According to Austin and his theory of law, a sovereign is unchallengeable and hence unquestionable. He asserts that moral considerations have no bearing on the content of laws. Constitutionalism, in contrast, holds that the legislature’s authority should be limited in order to increase the range of rights available to the nation’s citizens. Constitutionalism has a transforming effect. The basic principle of transformative constitutionalism is to encourage social, economic, and political transformations by interpreting and applying the provisions listed in the constitution in different ways. It aims to safeguard the authority that the citizens of this nation are constitutionally entitled to, which includes the rights guaranteed by Part III of the Indian Constitution. The most essential defense against the state’s arbitrary use of its power is found in fundamental rights. The states are constrained by the fundamental rights, which tell them what not to do.
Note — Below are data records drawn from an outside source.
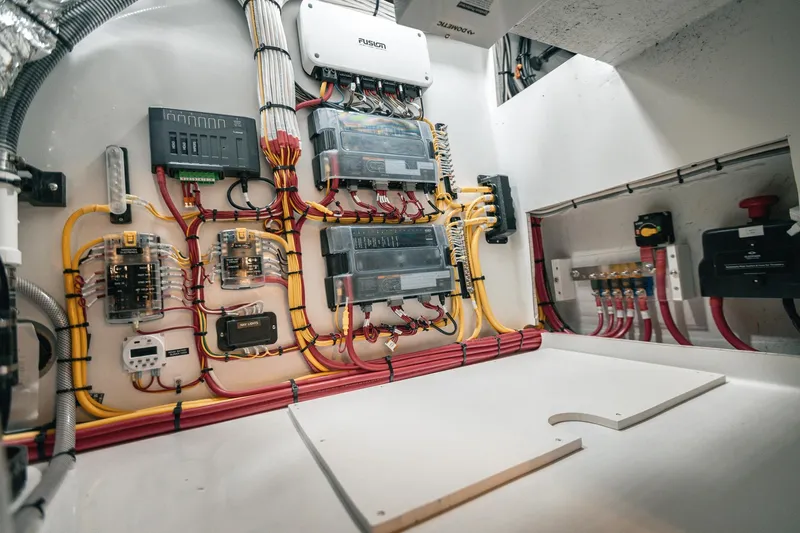 Slide: The Image of Electrical system of a 2027 Lindell 38' boat, showcasing organized wiring and components. - 15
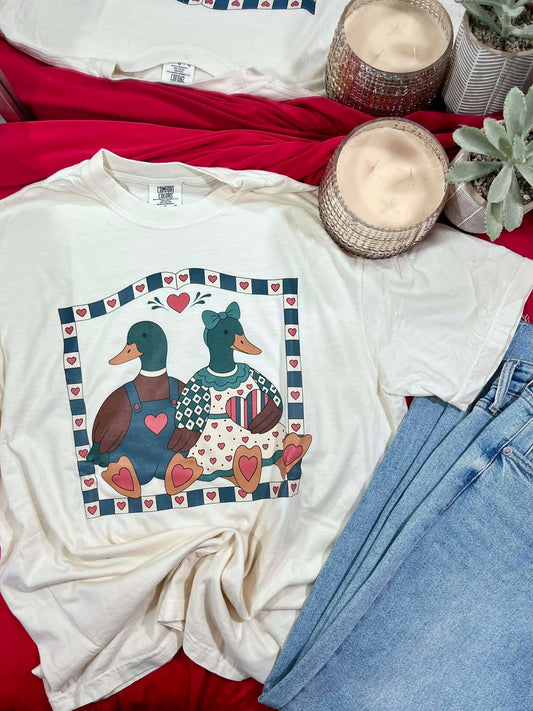 White t-shirt with duck design on a red surface with jeans and candles.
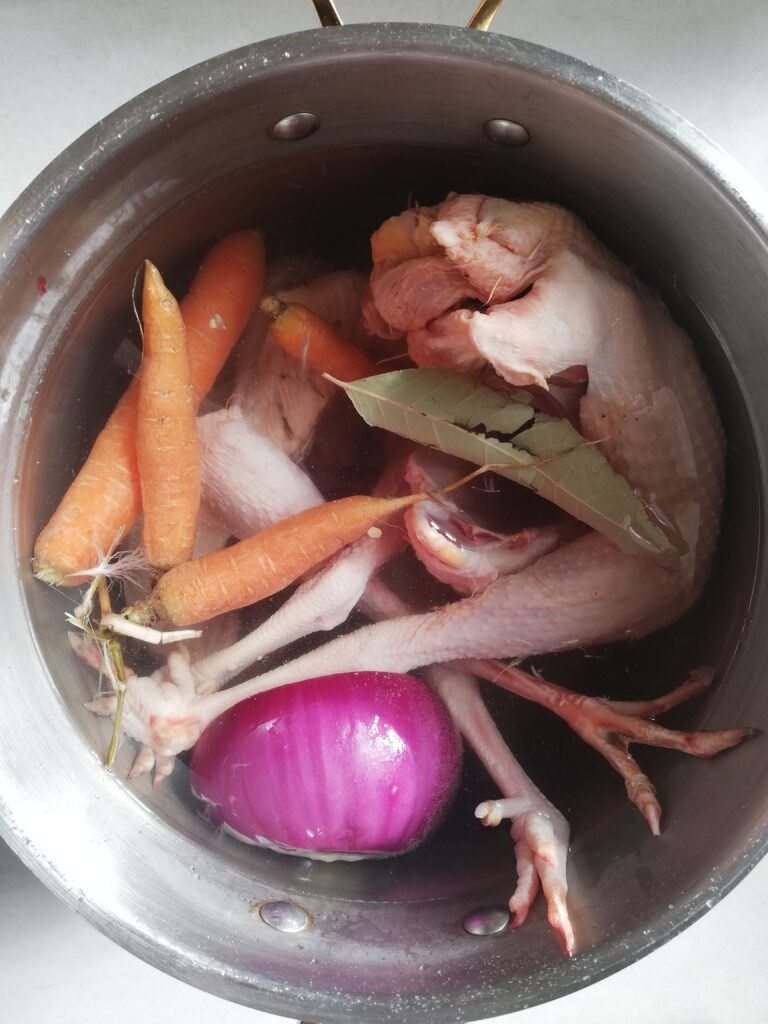 metal pot with chicken carrots onion and bay leaf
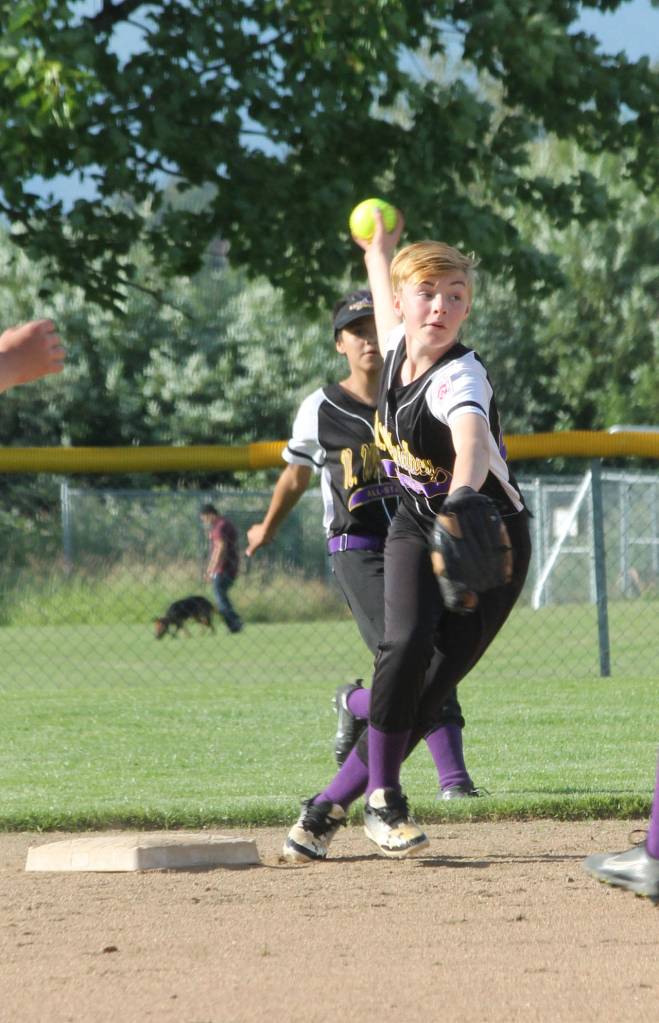 Second baseman Destiny Neal throws to first base.(Photo by Jim Waller/Whidbey News-Times)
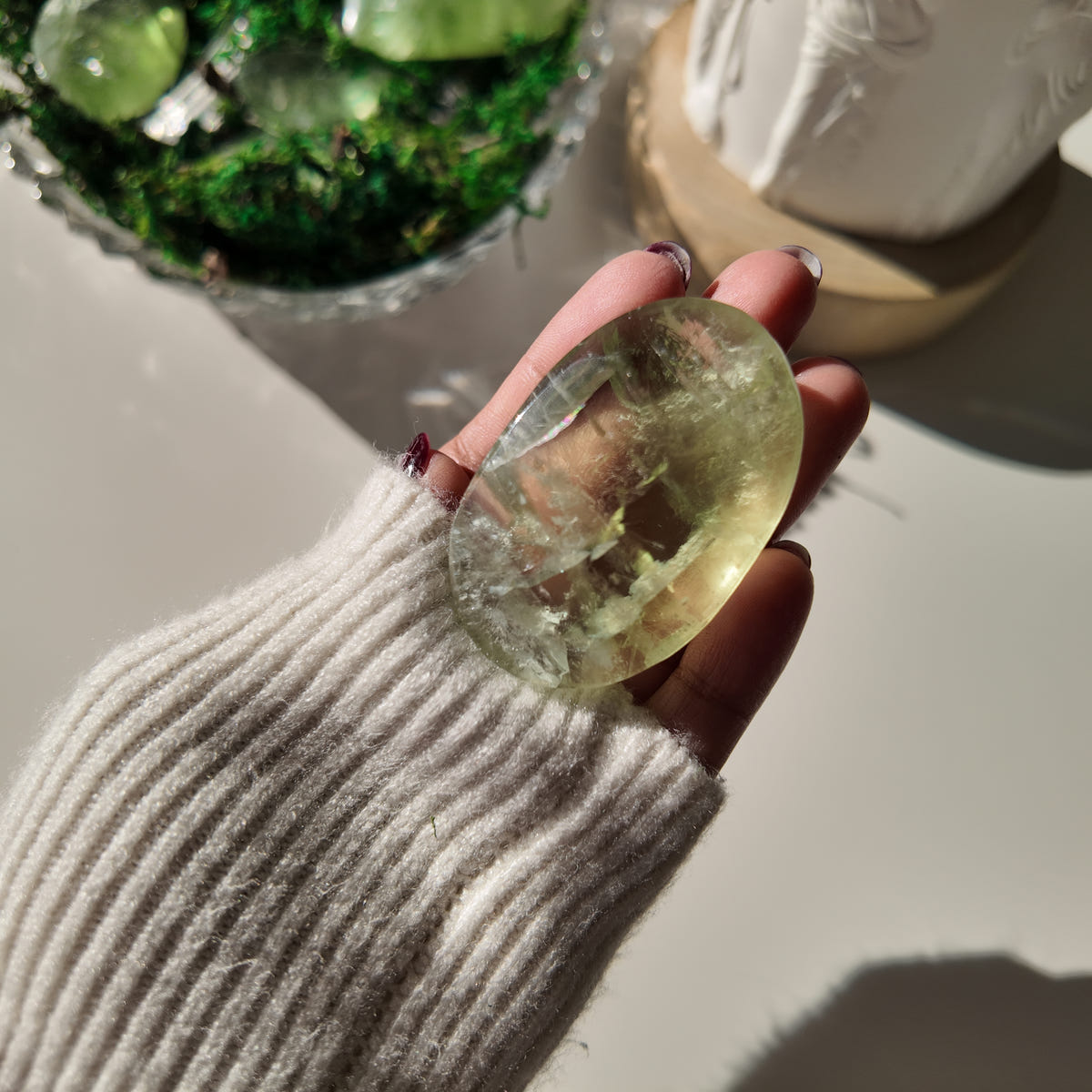 Hand holding polished pale-green Fluorite pocket stone P, with translucent areas and internal veils.
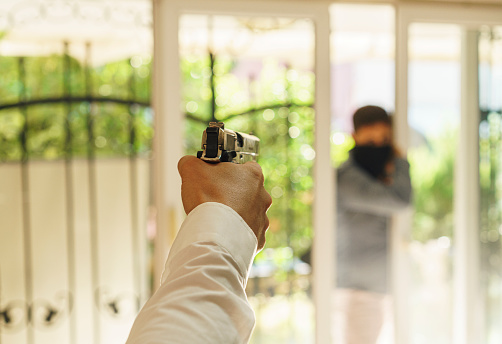 Male landlord holding gun against thief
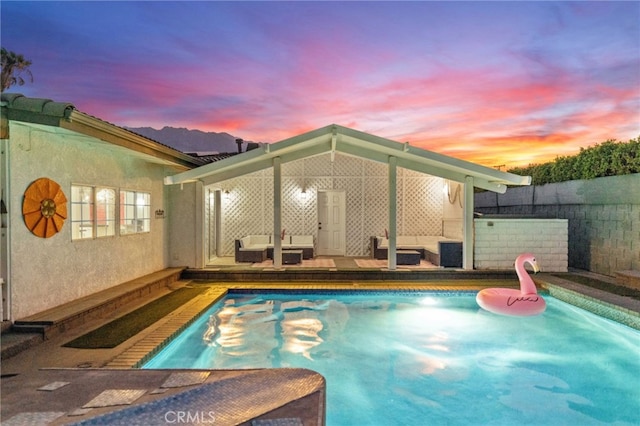 pool at dusk featuring outdoor lounge area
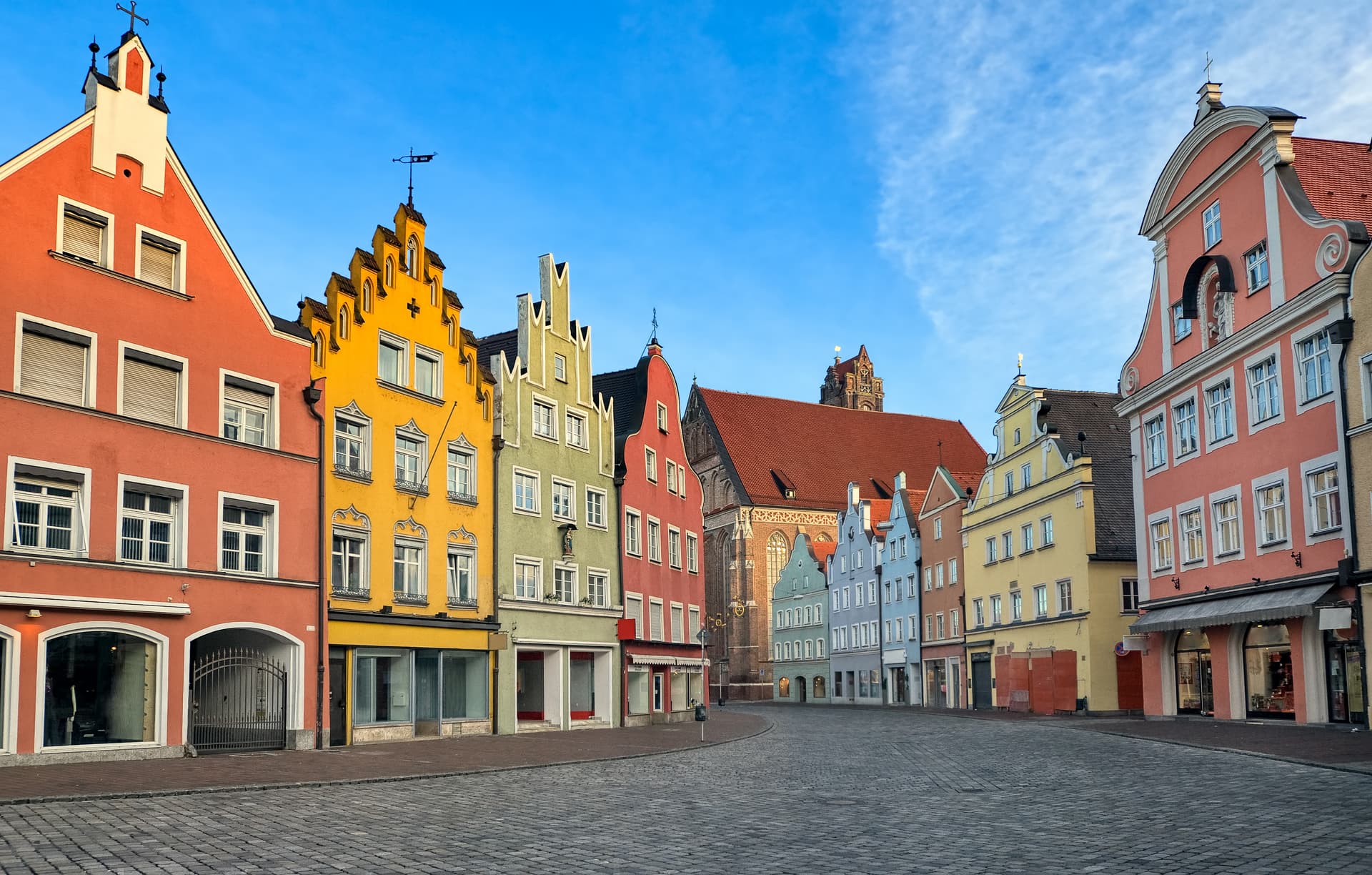 Colorful historic buildings line a cobblestone square in Munich's old town under a bright blue sky.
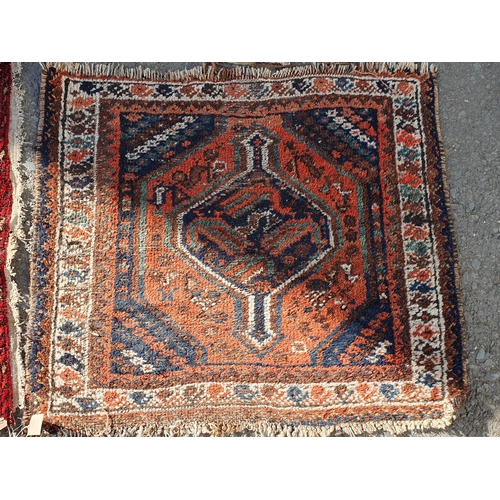 848 - A Persian style Rug with multiple borders with central medallion on a red ground, 5ft 9in x 3ft 11in... 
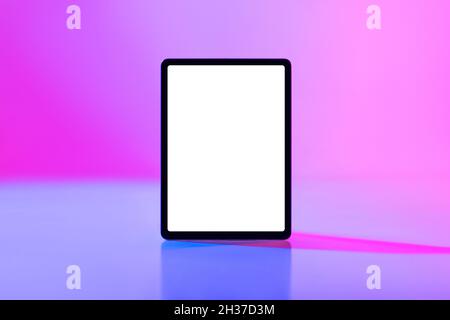 Modern tablet computer with mockup for application or website on blank white screen in neon light Stock Photo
The experiences of colonial authority, in which arbitrary laws and executive acts frequently curtailed fundamental freedoms, had a profound impact on the writers of the Indian Constitution. A constitutional framework that would protect individual rights and limit state power was urgently needed given the historical context. By giving the constitutional text its importance, constitutionalism makes certain that the government is “legally limited” and that its power is derive from upholding these constraints against the government. It is ultimately imperative on the state to set down restriction on its power. A state must take steps to restrict its authority and guarantee its citizens’ fundamental rights in order for it to function as intended. Among the multitude of forces that shaped the idea of Part III of the Constitution, constitutionalism was a major driving force. The authors of the constitution were highly understanding of the need to protect fundamental rights from abuse by the government because of India’s colonial past. Our constitution is coherent because of the well-known Indian Constitutional principles, which include secularism, limited government, reasonableness, powers of judicial review, the notion of rule of law and separation of powers, fundamental rights, and many other ideas.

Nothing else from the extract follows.